Der Weg zu den Wasserfällen der Styx gehört zu den schönsten Wanderstrecken der Peloponnes. Die mindestens vierstündige Fußtour beginnt im Dörfchen Peristera, auf dessen altem Platz (Platia) hohe Bäume ein steingefasstes Brünnlein umstehen. Durch fast schwarze Felsformationen und dunkle Nadelwälder gelangt man zum Fuß eines der höchsten Steilhänge des Aroania-Gebirges, wo das Wasser der Styx in dünnen Fäden 200 m tief hinabfällt. In den zwei Dorftavernen von Peristera kann man sich an holzkohlengegrillten, oreganobestreuten Forellen laben, frisch aus einer nahegelegenen Zucht. Eine nagelneue Straße führt steil hinauf ins Chelmos-Massiv und in das Skigebiet von Kalavryta.

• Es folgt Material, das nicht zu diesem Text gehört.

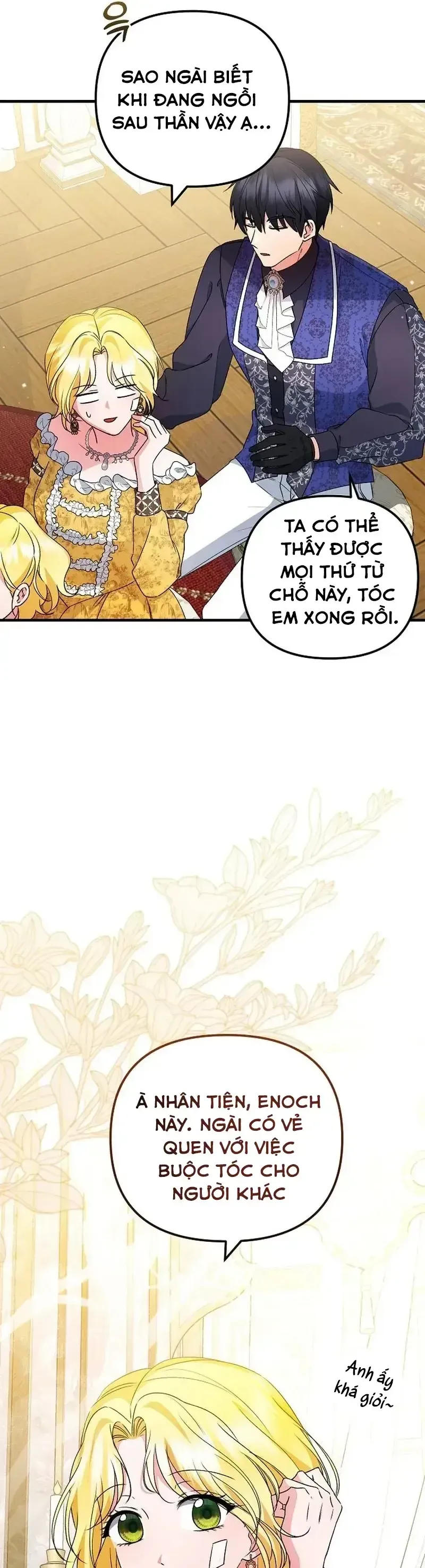 Trở Thành Liều Thuốc Chữa Lành Cho Bạo Quân Trong Câu Chuyện Tăm Tối Chapter 32 - 7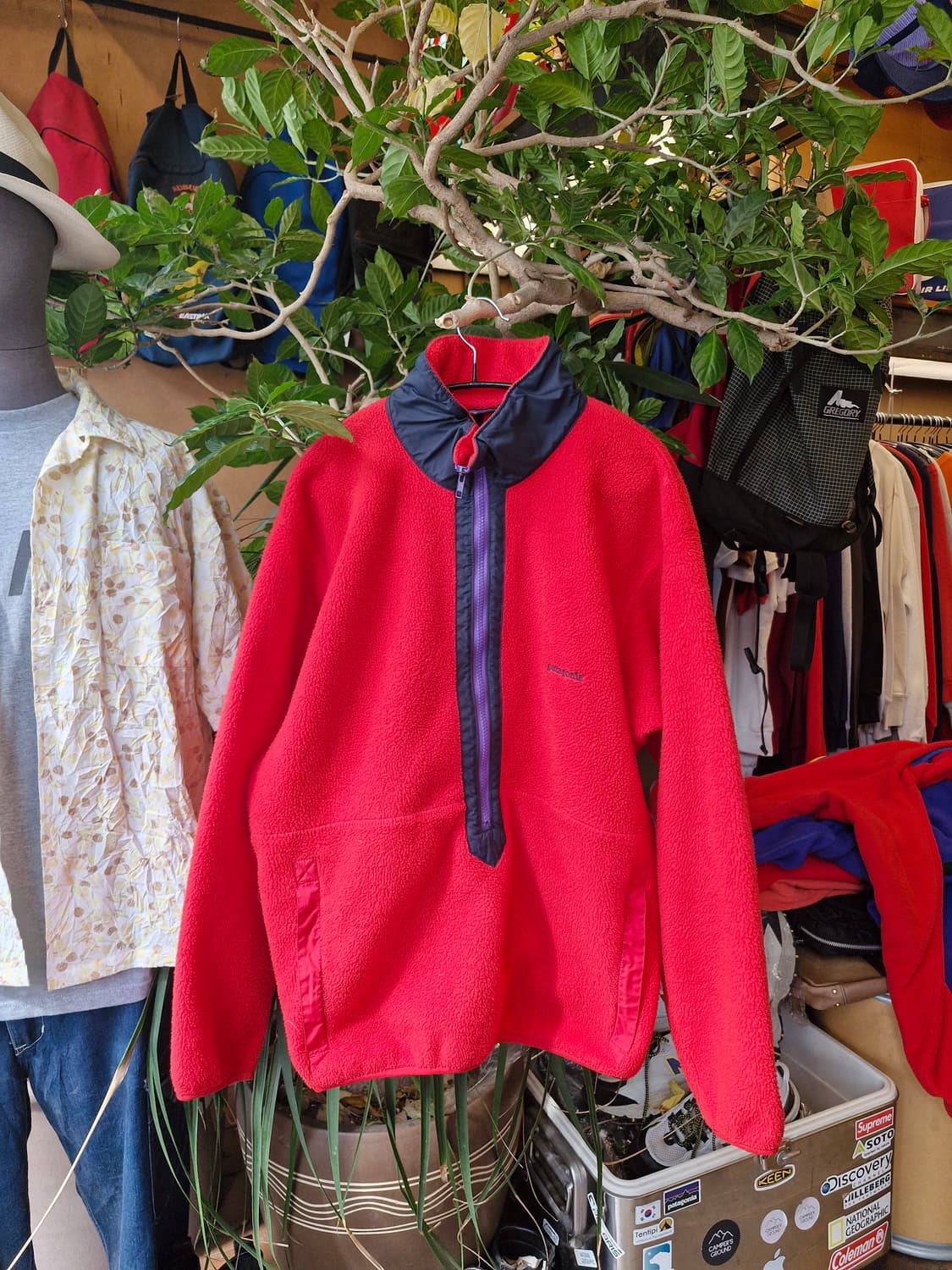 Z-499 파타고니아 신칠라 마수피얼  상품이미지1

Bevor wir Zarouchla erreichen – jetzt schiebt sich jenseits der Styx immer wieder der bis in den frühen Sommer schneebedeckte 2355 m hohe Chelmos-Gipfel ins Blickfeld – verlocken noch zwei Dörfer zum Halt: Bei Agridi hebt sich der schön gemauerte Langbau einer byzantinischen Kirche aus dem Wiesengrund, und das in einem grünen Hügel versteckte Aghia Varvara, das „mehr aus Platia“ als aus Häusern besteht. Der beherrschende Platz ist bei Kirchweihfesten, den „Panigyria“, am Barbara-Tag (4. Dezember) und am Panaghia-Fest (15. August) beliebtes Ziel für die ganze feiernde Gegend.
Gehobenes Ausflugsziel
Zarouchla, unser in grüner „Sackgasse“ mündendes Endziel, hat einige schöne alte Steinhäuser, darunter einen zum Gasthaus („Xenonas“) ausgebauten „Pyrgos“, ein turm-artiges „Archontiko“, ein einstiges Herrenhaus, sowie am Ortseingang eine uralte kleine Zentralkirche. Das Dorf liegt in Wald- und Wiesengrün, umstanden von einem traumhaften Bergpanorama. Es hat sich in den letzten Jahren mit mehreren neuen und auch gastronomisch anspruchsvollen Hotels im traditionellen Baustil sowie den nach wie vor florierenden alten Tavernen nebst altertümlichem Kaffeehaus zu einem gehobenen Ausflugsziel entwickelt. Hier kann man zu allen Jahreszeiten zu unvergesslichen Wanderungen starten, Fahrräder mieten und besonders auch den Winter genießen, wenn in der Taverne von Jannis der eiserne Kanonenofen glüht. Auf ihm wird das hausgebackene Brot geröstet, das zu den bereits genannten Bohnengerichten, dem ortstypischen Lammbraten und einheimischem Feta-Käse besonders gut schmeckt.